Support our Maker Movement!

Just Got Made • 02 May 2019

Support our Makers! I say on a regular basis. Why do I care about it? Here’s something I wrote to explain the problem we face as small makers…

What would happen if we harnessed technology to approach manufacturing in a dynamic, flexible and human way? If everyone could learn the skills to turn an idea into a product, what new solutions would we see emerging to benefit our society? If you could go behind the scenes of a factory, what would you learn?

The way the design community approach manufacturing has changed – no longer about factories and mass production – we are looking for ever more ways to make products personal, unique and changeable.

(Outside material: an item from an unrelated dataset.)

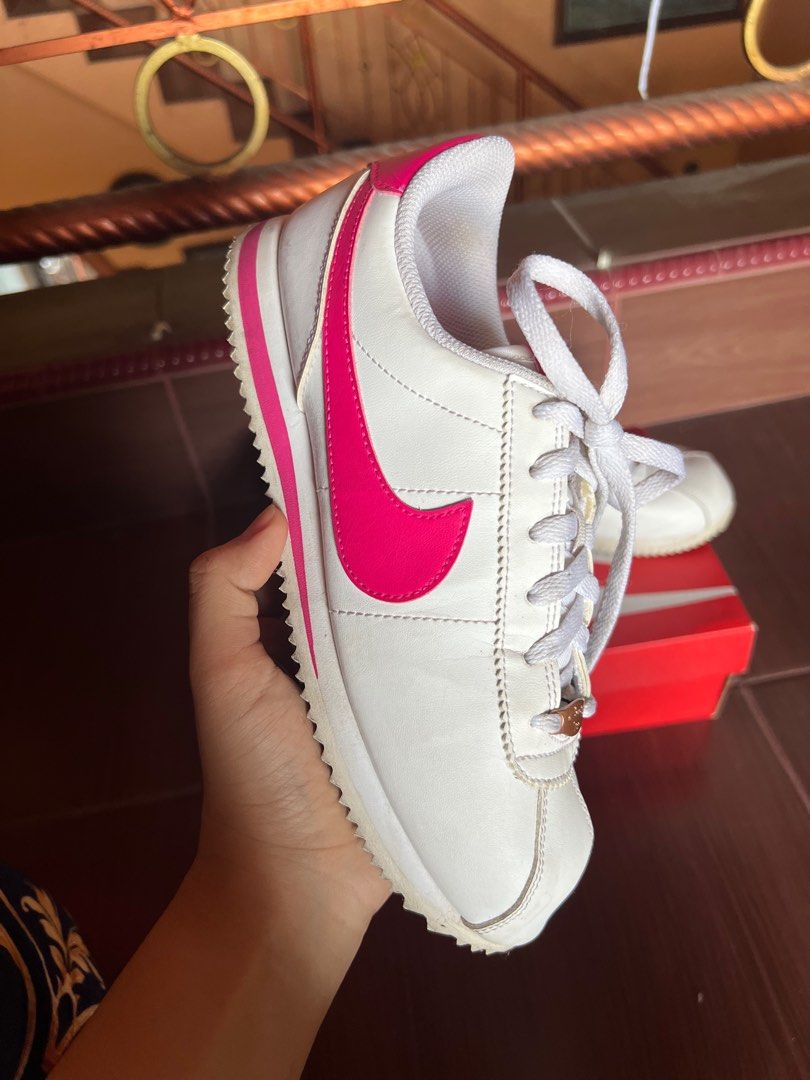 NIKE CORTEZ, Fesyen Wanita, Sepatu di Carousell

Retail understands the new consumer desire for something special, giving customers ever more access to the small, the personal. Yet the amount of support we give to small makers themselves is marginal

Online there is currently no accessible, comprehensive online directory for UK manufacturing across silo-ed areas of making. Our existing databases for sourcing a manufacturer are in the main expensive, heavily guarded and do not include many of the smaller, more modern manufacturers. Specialist groups have sprung up to build wider directories and networks but these are prone to peter out after a couple of years.

Universities are looking the other way, ignoring the practical needs of their students after graduation.

Offline, Makespaces which are applauded as the key to building new maker networks are in reality struggling to do so. There are only 98 makespaces in the country and only a handful of these outside urban hubs. In reality they are engaging very with very few people, the majority being an elite of highly trained design and engineering professionals or enthusiastic hobbyists. This is not representative the vast majority of the Maker Movement operating today. In fact, over 90% of creative entrepreneurs in fact work from home, and a majority are in rural communities – where they are unable to access training and take part in the communities meeting to share and exchange information that these makespaces offer. Not surprisingly, in the same survey, 92% reported feeling isolated (Movers and Shakers report, Microsoft).

We do not feel there is currently a clear way for the majority of makers and designers to access and engage with modern manufacturing, even though we have existing technology that could be reaching people in their own homes to tackle the problems of skills gaps, the siloing of information and even isolation if we build communities around it?

What is the outcome for our maker population? In reality many are avoiding manufacturing altogether, giving up, not getting started or focusing on more easily accessible craft based activities.

Firstly, if our creative workforce are disengaging with manufacturing, how many opportunities for amazing products have we missed?

How many groups outside that makespace elite are not getting their ideas to market? Stifling of creative potential is bad news on an individual and population wide scale.

Secondly, this has a fundamental impact on their ability to scale and grow their business and contributes to low average earnings – women with arts degrees earn on average £12,000 annually, and men with the same training £17,000. Combined with the Maker Movement’s high levels of self employment, and we see a precarious living condition with financial vulnerability (for maternity or sick leave for example) and a decrease in being able to save for the future.

Thirdly, the Just Got Made team believe that by ignoring this situation we are actively contributing to a gender divide and holding women back in the workforce. 85% of the maker movement are female (RSA), but despite this women in particular are under-served in this new work environment and are not accessing and benefiting from existing support. Women are underrepresented in our creative makespaces, coworking and technology hubs, and earn almost a third less than men with the same training. It’s clear we are currently marginalising the majority and need to create solutions for everyone. We suggest that this should be strongly focused on the needs of women (the majority) and start giving a female narrative to making and manufacturing.

Is this really a large-scale, important problem?

Yes. Our self-employed creative workforce has grown by 900,000 over the past decade, and is predicted to continue to increase at a more rapid rate during the next decade.

It seems clear we need to grow a flexible network that reflects the needs of modern makers: human, affordable, simple to use and easy to access from any part of the country. Alongside side this we need to provide access and training, so that our Maker workforce has the relevant skills to engage with it. And we need to make this work for women in particular.

We already have the skills, power and desire so let’s continue to build a stronger backbone for the complex ecosystem of making in the 21st Century.